Chairperson of the Population, Resources and Environment Committee of the Chinese People's Political Consultative Conference
- In office 16 March 2018 – 13 March 2023
- Preceded by: Jia Zhibang
- Succeeded by: Che Jun

Director of the Development Research Center of the State Council
- In office April 2011 – May 2019
- Premier: Wen Jiabao Li Keqiang
- Preceded by: Zhang Yutai
- Succeeded by: Lu Hao

Party Branch Secretary of the Development Research Center of the State Council
- In office July 2010 – March 2011
- Preceded by: Zhang Yutai
- Succeeded by: Liu He

Personal details
- Born: August 1953 (age 72) Feng County, Jiangsu, China
- Party: Chinese Communist Party
- Alma mater: Shanghai Open University Central Party School of the Chinese Communist Party

Military service
- Allegiance: People's Republic of China
- Branch/service: People's Liberation Army Ground Force
- Years of service: 1970–1976

Chinese name
- Simplified Chinese: 李伟
- Traditional Chinese: 李偉

Standard Mandarin
- Hanyu Pinyin: Lǐ Wěi

= Li Wei (politician, born 1953) =

Chinese politician

Li Wei (李伟; born August 1953) is a Chinese politician who served as director of the Development Research Center of the State Council between 2011 and 2019.

He was a member of the 18th Central Committee of the Chinese Communist Party and a representative of the 19th National Congress of the Chinese Communist Party. He was a member of the Standing Committee of the 13th Chinese People's Political Consultative Conference.

==Biography==
Li was born in Feng County, Jiangsu, in August 1953. He graduated from Shanghai Television University (now Shanghai Open University) and the Central Party School of the Chinese Communist Party.
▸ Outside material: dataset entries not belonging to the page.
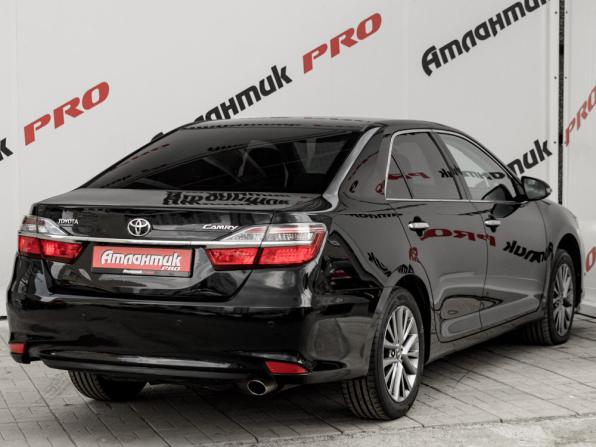 Toyota Camry VII (XV50) Рестайлинг с пробегом 2016 года, цена 2 100 000 рублей, 190484 км, седан, Автокод Объявления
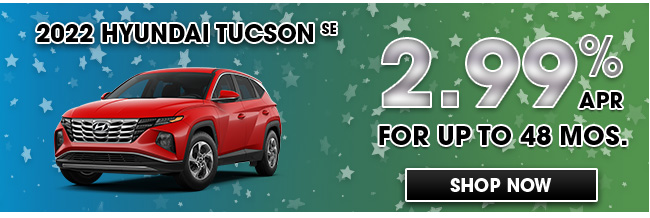 2022 Hyundai Tucson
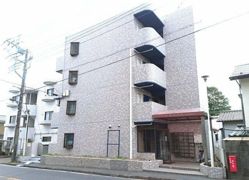 レナジア西堀の外観画像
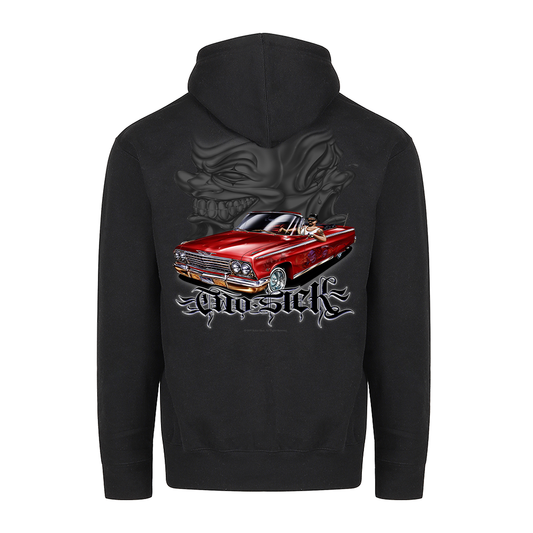 Two Sick Hoodie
During the Down to the Countryside Movement, he became a sent-down youth in March 1969, and soon joined the People's Liberation Army (PLA) in December 1970. Beginning in April 1976, he served in several posts in Shanghai Chemical Import and Export Corporation, including clerk, deputy section chief, secretary of the Communist Youth League of China.

Li joined the Chinese Communist Party (CCP) in April 1973, and got involved in politics in January 1985, when he was appointed an official in the Economic Cadre Division of Organization Department of CCP Shanghai Municipal Committee. Three years later, he became secretary of the General Office of Shanghai Municipal People's Government and CPC Shanghai Municipal Committee.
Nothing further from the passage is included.